November 20, 2017

Heaven Is My Home

By Wayne S. Walker

My family and I, along with the church where I labor, recently encountered a rather strange situation that was, to say the least, a bit unnerving. The brethren decided to sell the preachers' house that the church had owned, because of its age, condition and location, and allow us to purchase our own. Everything seemed to be moving along smoothly. However, less than twenty-four hours before the closing on the church's house and just a few days before the closing on the house that we were hoping to buy, the title company informed us of a thorny legal problem.

The church had never formally incorporated. And according to state law, a non-incorporated entity cannot sell a piece of property without first filing a petition with the Common Pleas Court, publishing a notice of that petition in a newspaper for four weeks, and then having the court rule in favor of the petition, a process that can take anywhere from eight to twelve weeks and even longer if any further difficulties are encountered. Since neither the buyers for the church's house nor the sellers of the house that we had made an offer on were willing to wait that long, the whole process was effectively canceled for the time being.

However, this is not an article about real estate law.
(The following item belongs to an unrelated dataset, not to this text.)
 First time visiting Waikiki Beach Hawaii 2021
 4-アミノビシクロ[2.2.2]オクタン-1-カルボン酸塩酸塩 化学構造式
There is a spiritual application that I want to make. The experience of being so close to owning a home and having a deal fall through due to last-minute, unforeseen circumstances beyond our control has helped me to appreciate better an important biblical truth. "For here we have no continuing city, but we seek the one to come" (Heb. 13:14). Certainly there is nothing wrong with a person owning his own home here on earth. In fact, it can be a good thing. However, we must never become so wrapped up in the things of this world, including our property, that we fail to remember some vital concepts taught in Scripture.

First, we are but pilgrims and strangers here on this earth. Even the patriarchs of old recognize this fact (Heb. 11:13). How much more should we, who live with the blessed hope made possible by the death and resurrection of Christ, be impressed with the temporariness of our sojourn here (Jas. 4:13-16). Mrs. M.S.B. Dana wrote,

I'm a pilgrim and I'm a stranger;

I can tarry, I can tarry but a night.

Do not detain me, for I am going

To where the fountains are ever flowing.

I'm a pilgrim and I'm a stranger;

I can tarry, I can tarry but a night.

As a pilgrims and strangers, we are taught to "abstain from fleshly lusts which war against the soul, having your conduct honorable among the Gentiles, that when they speak against you as evildoers, they may, by your good works which they observe, glorify God in the day of visitation" (1 Pet. 2:11-2).
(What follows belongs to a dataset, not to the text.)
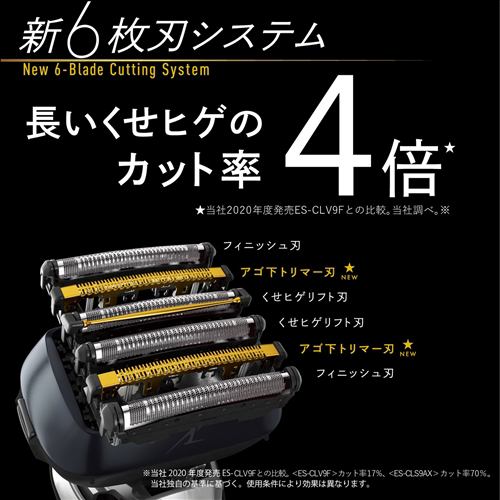 セミハード Panasonic リニアシェーバー ラムダッシュ6枚刃の通販 by ...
Second, the reason that we are but pilgrims and strangers is that our primary citizenship is not with some nation in this world but in heaven. Paul wrote, "For our citizenship is in heaven, from which we also eagerly wait for the Savior, the Lord Jesus Christ" (Phil. 3:20). I.N. Carman wrote,

Yonder over the rolling river,

Where the shining mansions rise,

Soon will be our home forever,

And the smile of the blessed Giver

Gladdens all our longing eyes.

The reason why our citizenship is in heaven is that our hope is there (Col. 1:3-5). And the reason why our hope is in heaven is that our Savior has already entered there to make atonement for us and to prepare us a home with him (Heb. 6:17-20, 9:11-14).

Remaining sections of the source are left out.